A second man, who was a minor at the time of the April 2010 murder, was found guilty of housebreaking in Ventersdorp, a farming community about 125km west of Johannesburg where Terre’blanche owned a farm.
The case has served as a reminder of the bitter historical divisions in a country now dubbed the “Rainbow Nation” and ruled by the African National Congress, the party that helped end apartheid in 1994.
Many see Terre’blanche as a relic from a bygone era, with his murder doing little to stir fresh racial tension.
“After all the evidence given, I conclude that accused number one is guilty as charged,” said Judge John Horn.
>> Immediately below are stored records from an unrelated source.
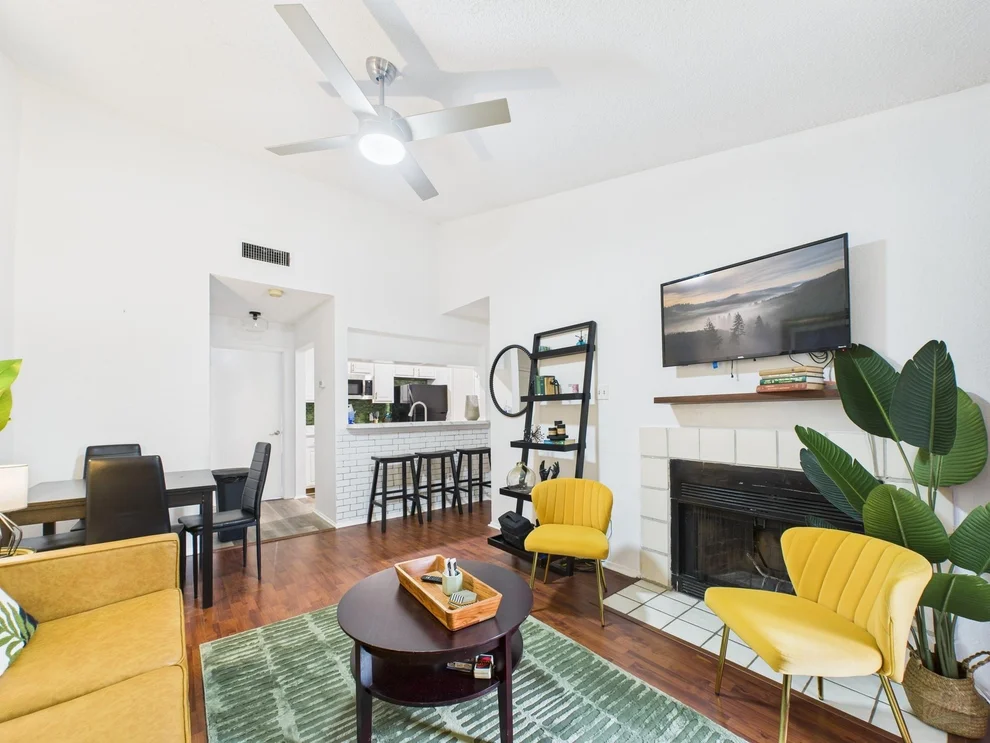 Unit for sale at 806 W 24th ST, Austin, TX 78705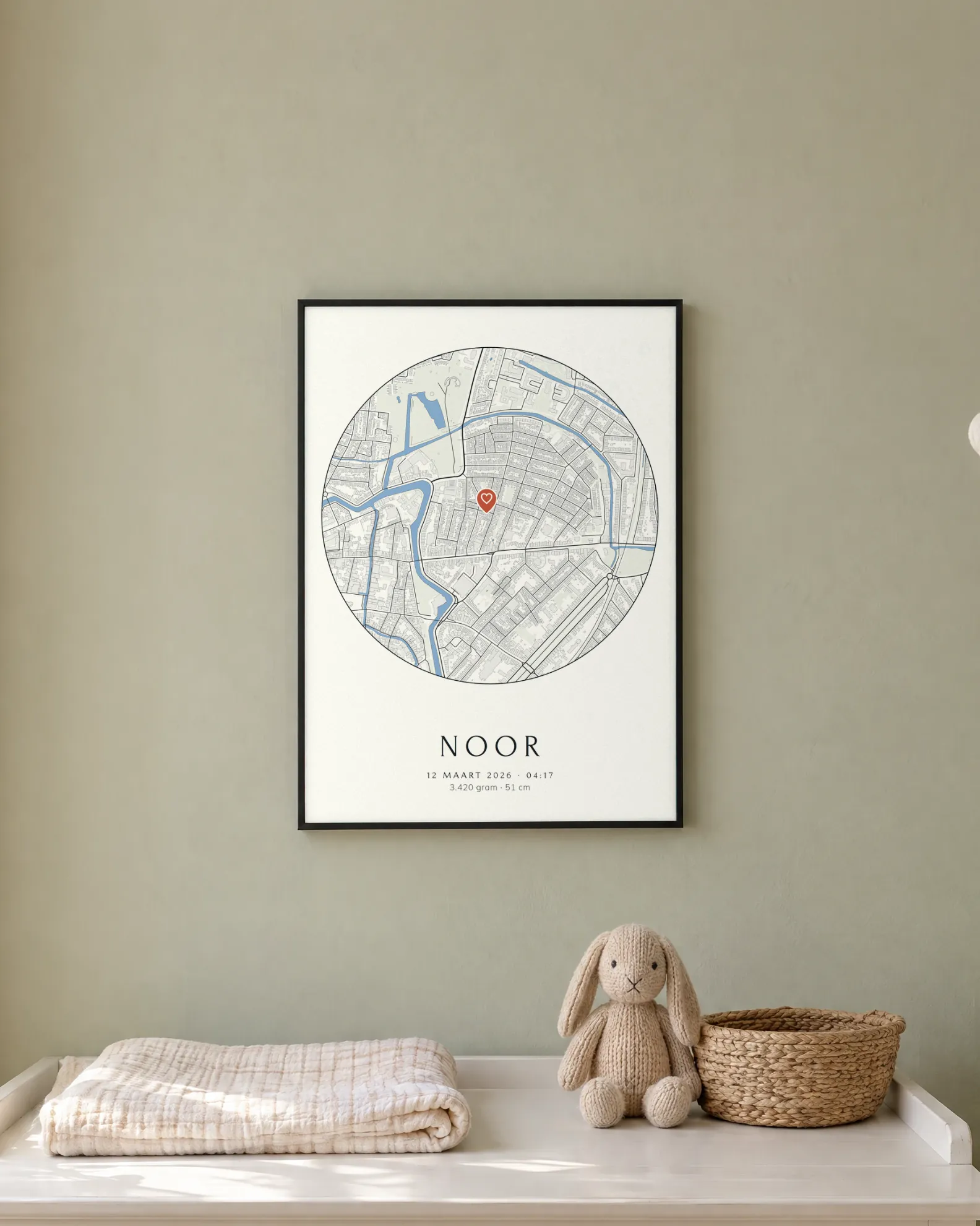Stadsposter van Utrecht in een zwarte lijst aan de muur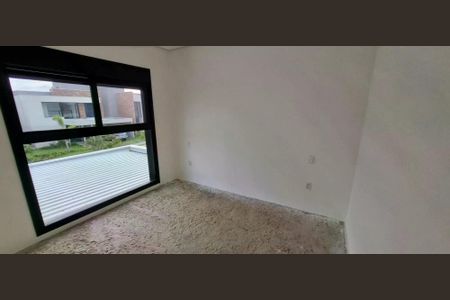 Casa de condomínio à venda com 222m², 3 quartos e 4 vagas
Prosecutors said Mahlangu and his co-accused broke into Terre’blanche’s home, where they found the 71-year-old asleep and bludgeoned him to death with an axe.
Terre’blanche, a burly man known for his thick white beard and fiery rhetoric, led the hardline supremacist Afrikaner Resistance Movement.
Its members adopted military uniforms and flags with a symbol reminiscent of the Nazi swastika, and called for an all-white homeland in post-apartheid South Africa.
A small group of his armed supporters attempted a coup in the black-run “homeland” of Bophuthatswana shortly before the first all-race elections in April 1994 but retreated after meeting resistance from security forces.
Graphic images of three AWB men being shot dead at point blank range in the middle of a road by a Bophuthatswana policeman marked the end of any AWB pretensions to be a serious military force. — Reuters.